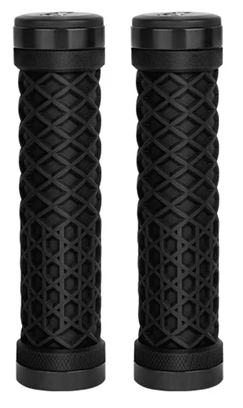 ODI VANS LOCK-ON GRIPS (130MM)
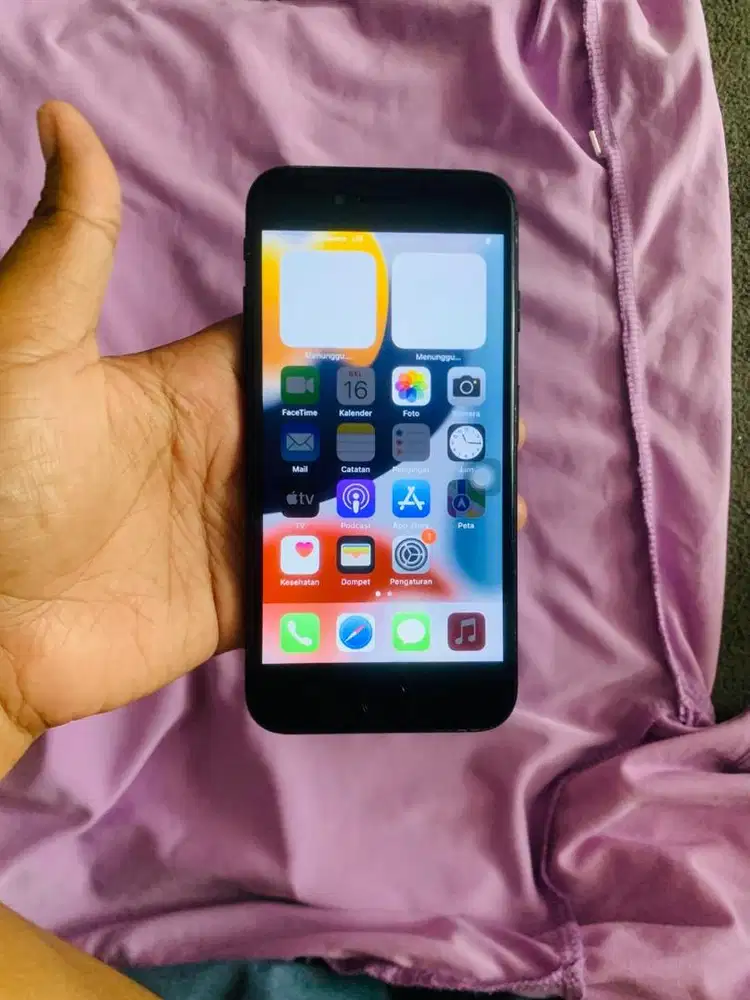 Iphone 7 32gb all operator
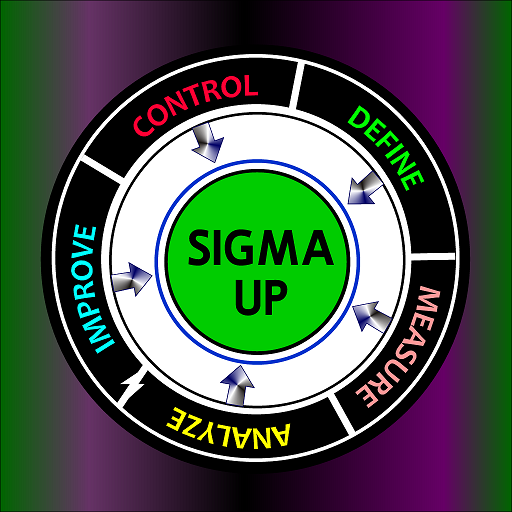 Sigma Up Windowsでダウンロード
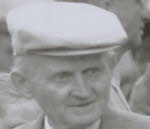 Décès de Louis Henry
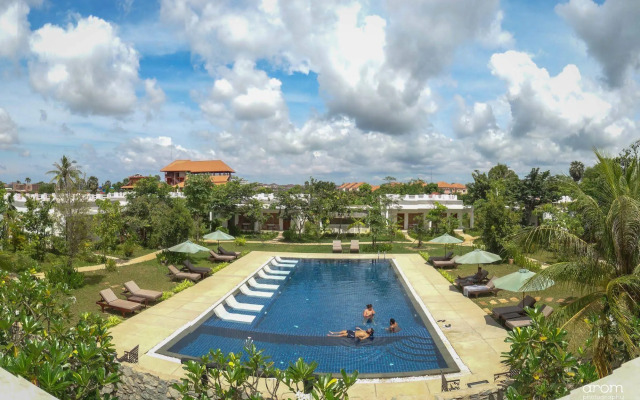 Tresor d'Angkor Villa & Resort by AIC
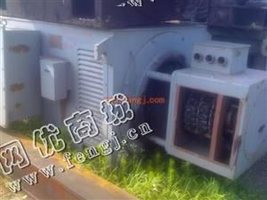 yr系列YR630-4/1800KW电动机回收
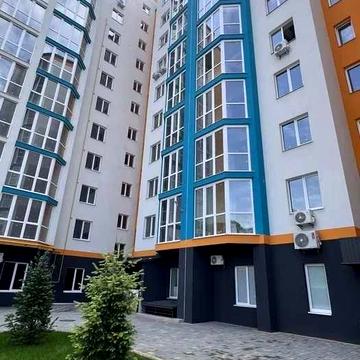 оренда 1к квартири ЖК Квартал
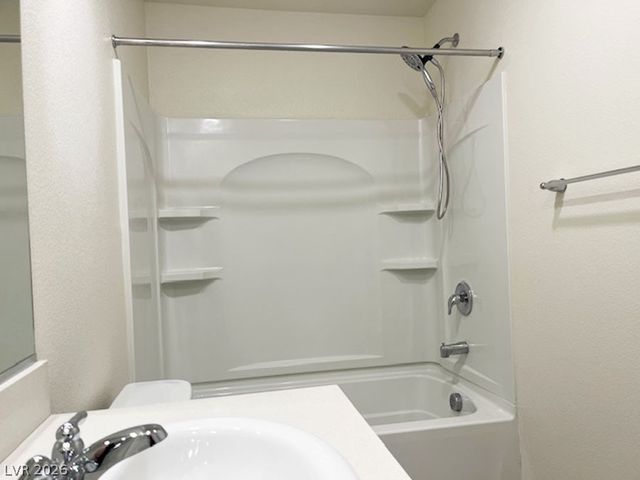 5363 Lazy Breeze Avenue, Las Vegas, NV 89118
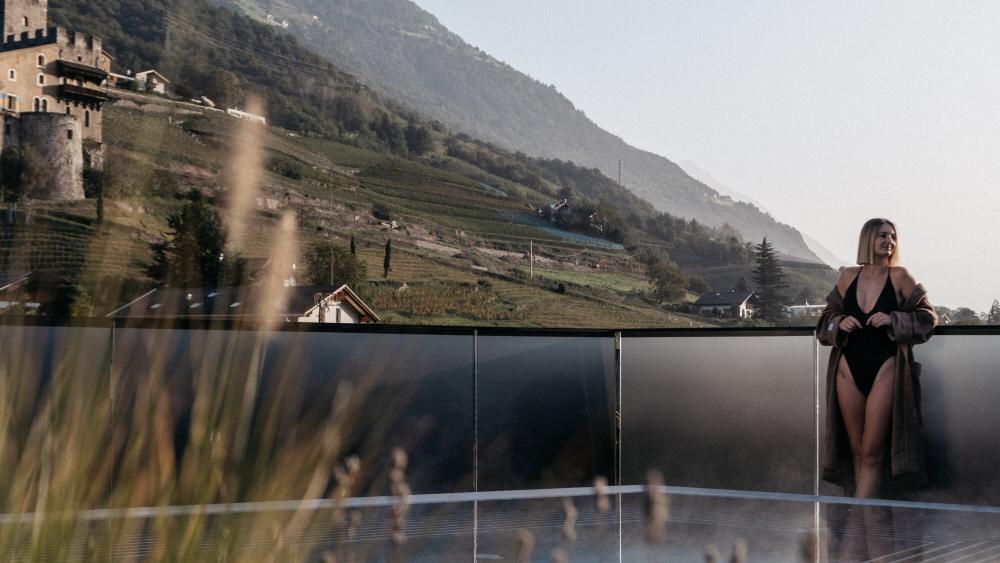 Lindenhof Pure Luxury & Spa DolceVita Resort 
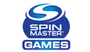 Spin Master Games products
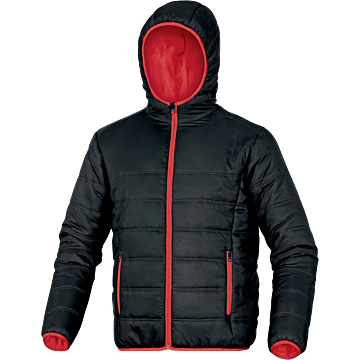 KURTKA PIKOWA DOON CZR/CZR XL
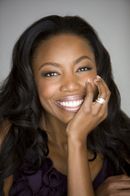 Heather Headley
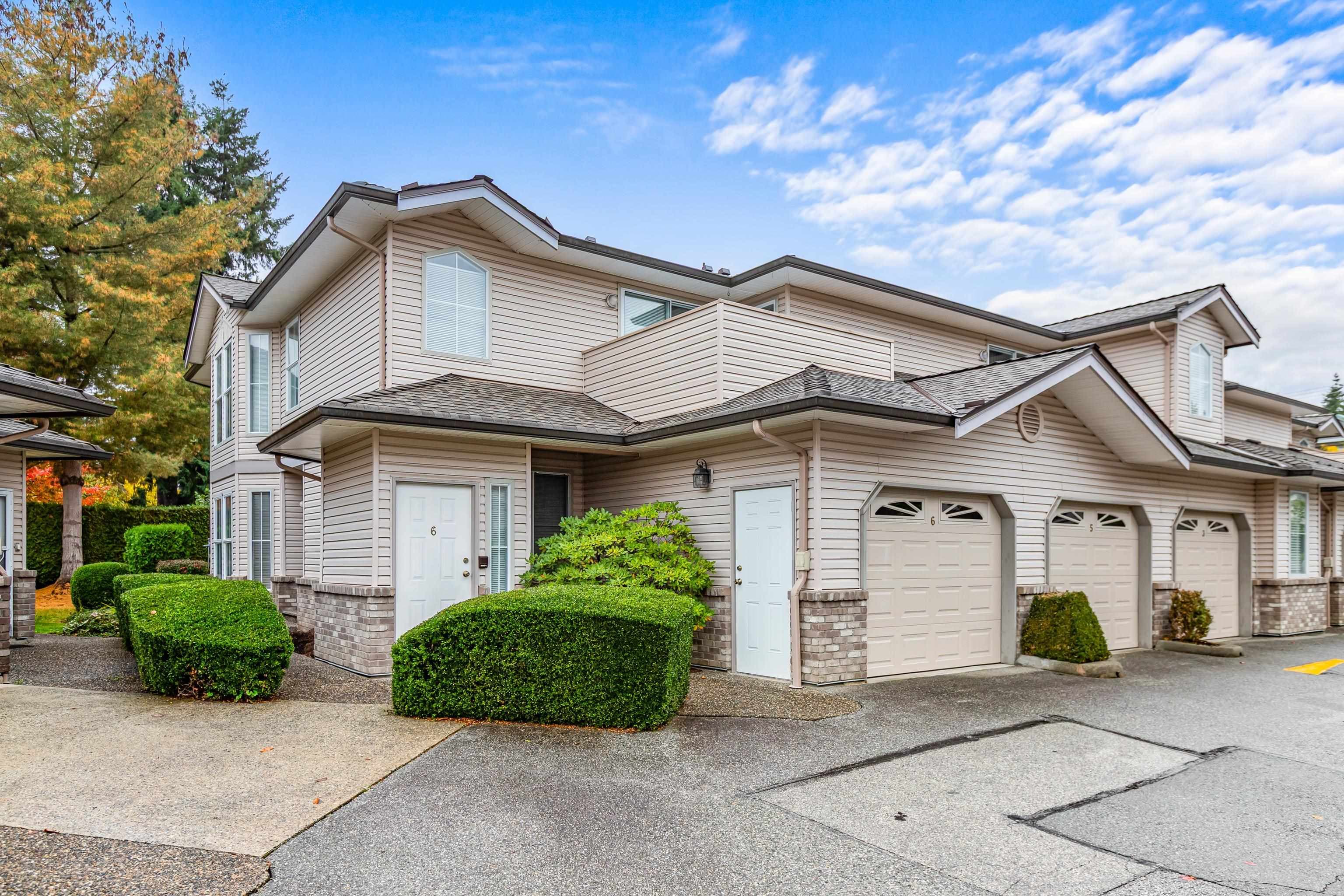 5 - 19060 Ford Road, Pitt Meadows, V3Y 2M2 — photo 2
# # # # #
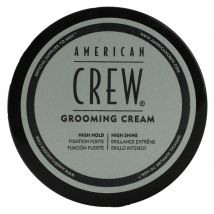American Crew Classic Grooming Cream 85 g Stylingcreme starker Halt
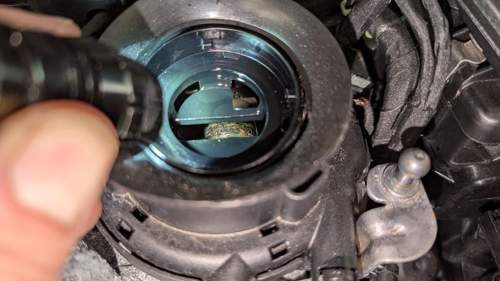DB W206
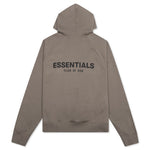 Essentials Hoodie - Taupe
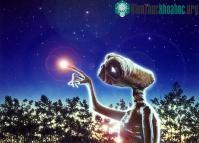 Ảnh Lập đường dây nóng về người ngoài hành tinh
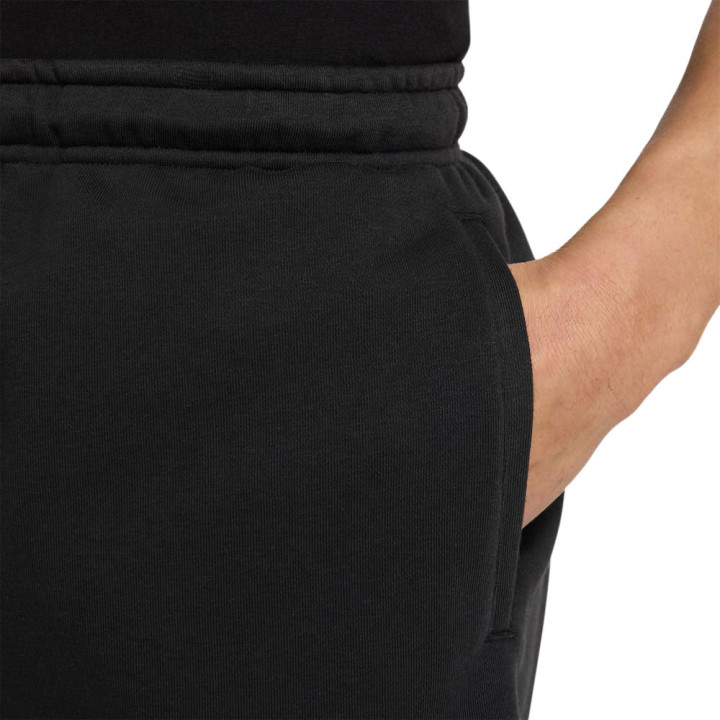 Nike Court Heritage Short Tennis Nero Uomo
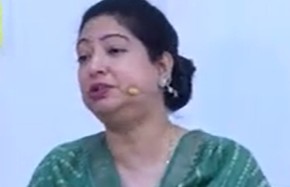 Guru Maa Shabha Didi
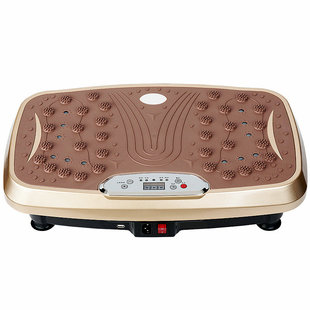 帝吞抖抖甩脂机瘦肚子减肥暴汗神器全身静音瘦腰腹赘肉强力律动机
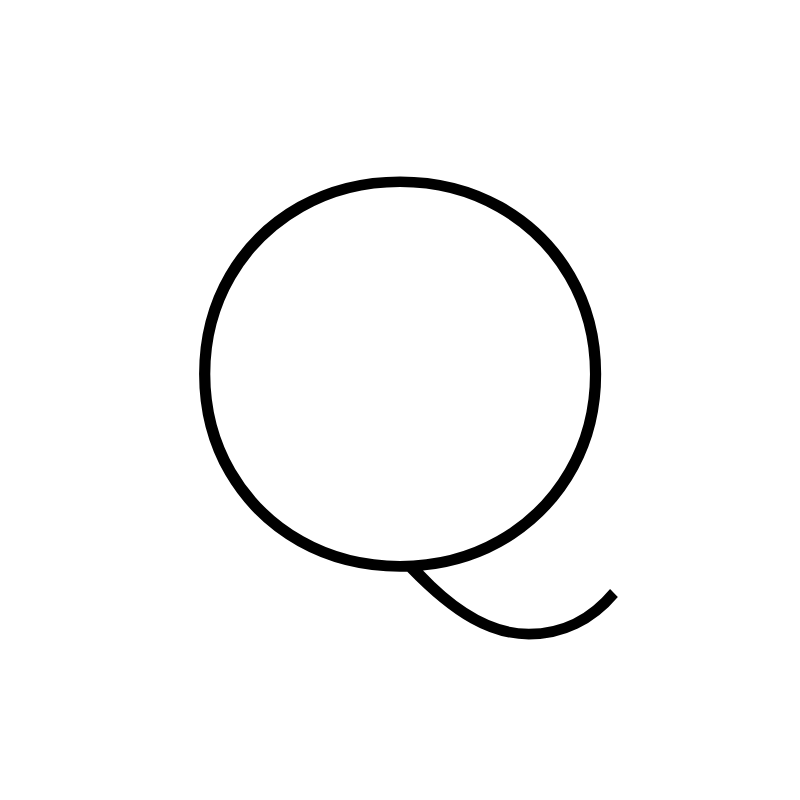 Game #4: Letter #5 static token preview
# # # # #
Using the data above, output the line that has "Ảnh Lập đường", the line that has "Game #4: Letter #5 static token preview", and whatever lines fall between, each exactly as it stands and without pictures.

 Ảnh Lập đường dây nóng về người ngoài hành tinh
 Nike Court Heritage Short Tennis Nero Uomo
 Guru Maa Shabha Didi
 帝吞抖抖甩脂机瘦肚子减肥暴汗神器全身静音瘦腰腹赘肉强力律动机
 Game #4: Letter #5 static token preview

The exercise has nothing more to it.